» Your instructions
The reply must consist of the complete listing, reproduced exactly, with no images included.
___ Supplied information ___
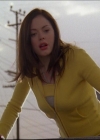 Charmed-Online-dot-616TheCourtshipOfWyattsFather0827.jpg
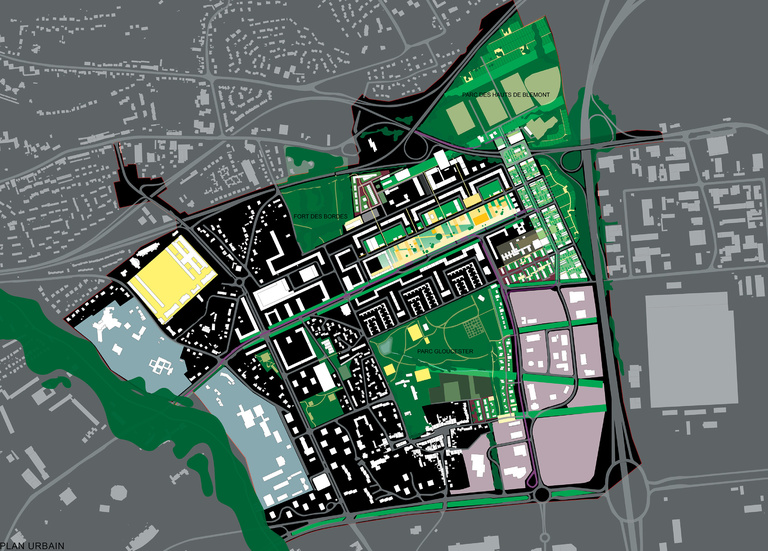 Carta - Reichen et Robert Associés - Grand Projet de Ville_Metz_PLAN URBAIN©RRA.jpg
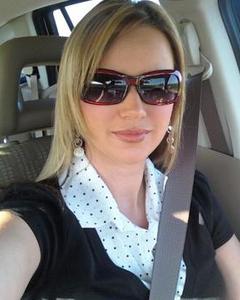 Woman, 46. Steph4383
___
» Answer box
 Charmed-Online-dot-616TheCourtshipOfWyattsFather0827.jpg
 Carta - Reichen et Robert Associés - Grand Projet de Ville_Metz_PLAN URBAIN©RRA.jpg
 Woman, 46. Steph4383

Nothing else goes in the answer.